§ **ABOUT THIS TASK**
Please return exactly the line that contains "Г. Осенняя пикантная" and every line after it, through the last line of the records below, with no pictures.

(THE INPUT)

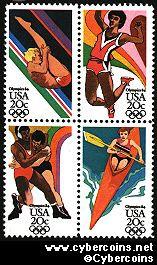Scott 2082-85 mint sheet 20c (50) - Olympics, 4 varieties, attached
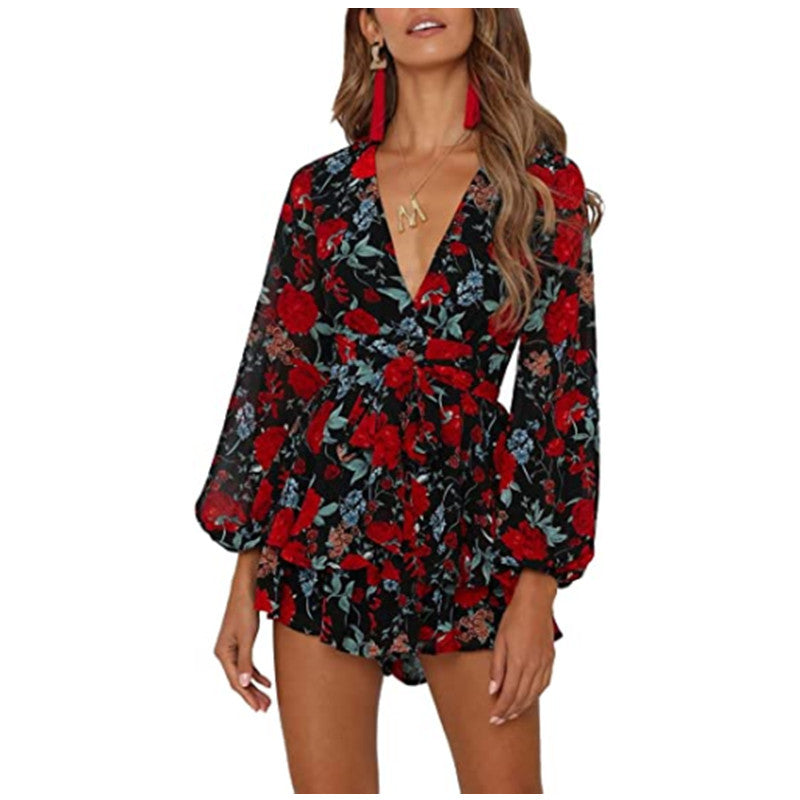 V-Neck Floral Print Lace-Up Loose Ruffles Womens Short Jumpsuits Vacation Trendy Wholesale Rompers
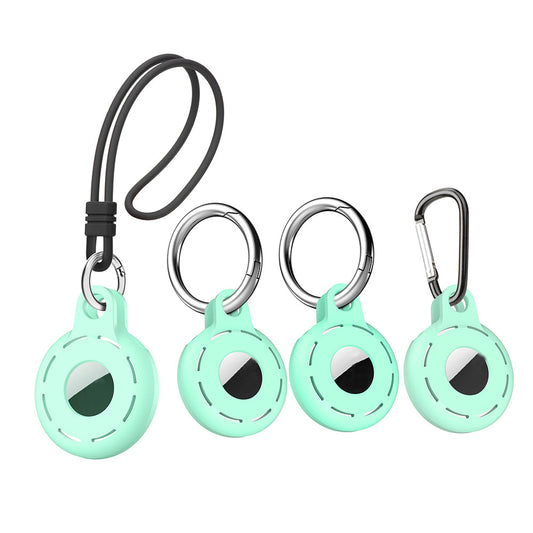 4Pcs For Apple Airtag Case Cover Anti-lost Keychain Ring Protective Case Green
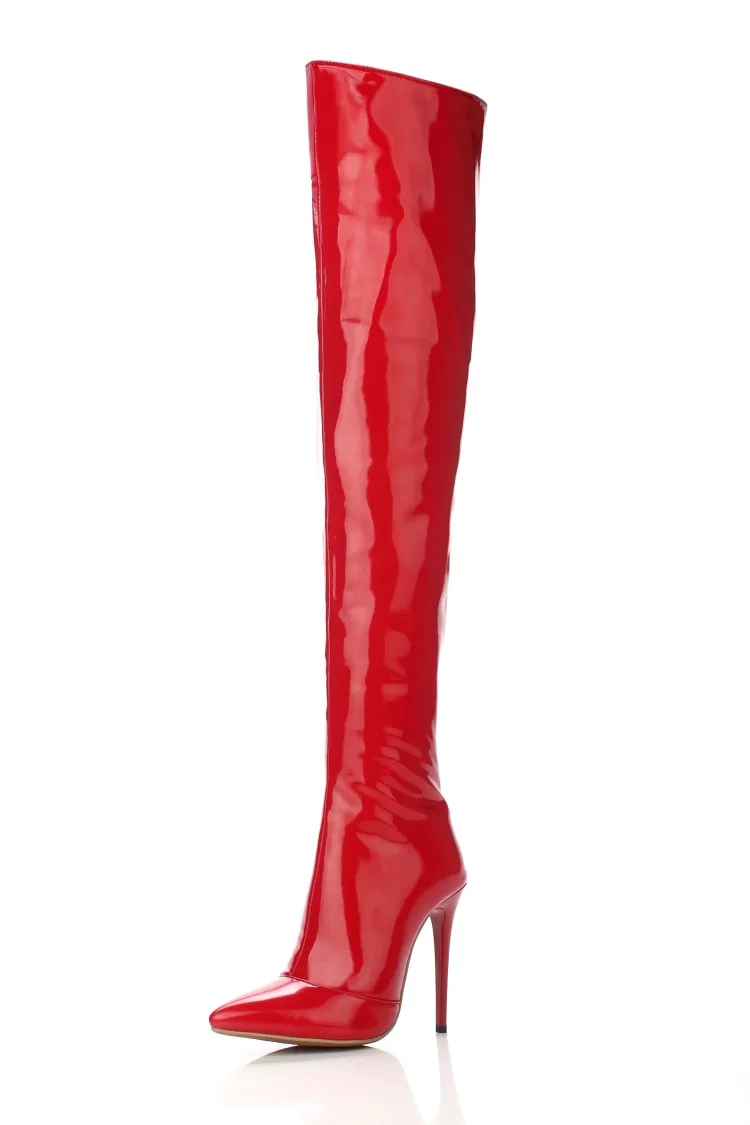 Г. Осенняя пикантная женская обувь выше колена сапоги из лакированной кожи на высоком каблуке, с острым носком, на молнии сбоку, до бедра, длинный стебель, танцевальная обувь черного цвета - Цвет: red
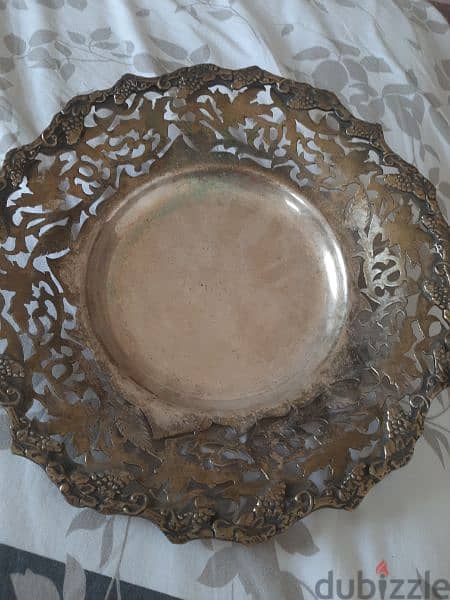 طبق سرفيس مطلي فضه Silver plated plate 1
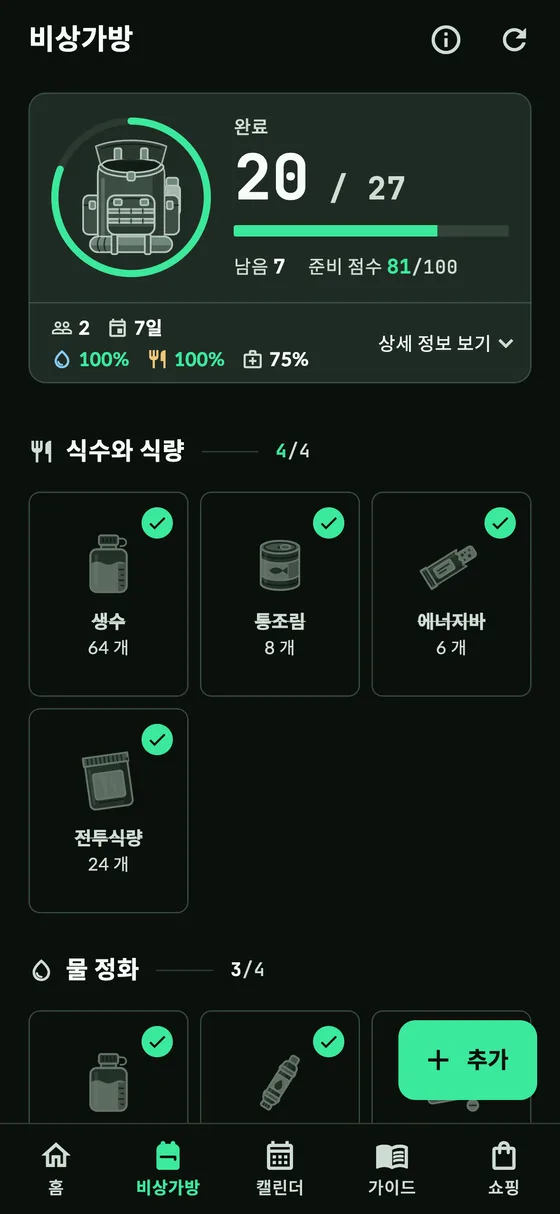 비상가방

(End THE INPUT)

§ **ANSWER SPACE**
 Г. Осенняя пикантная женская обувь выше колена сапоги из лакированной кожи на высоком каблуке, с острым носком, на молнии сбоку, до бедра, длинный стебель, танцевальная обувь черного цвета - Цвет: red
 طبق سرفيس مطلي فضه Silver plated plate 1
 비상가방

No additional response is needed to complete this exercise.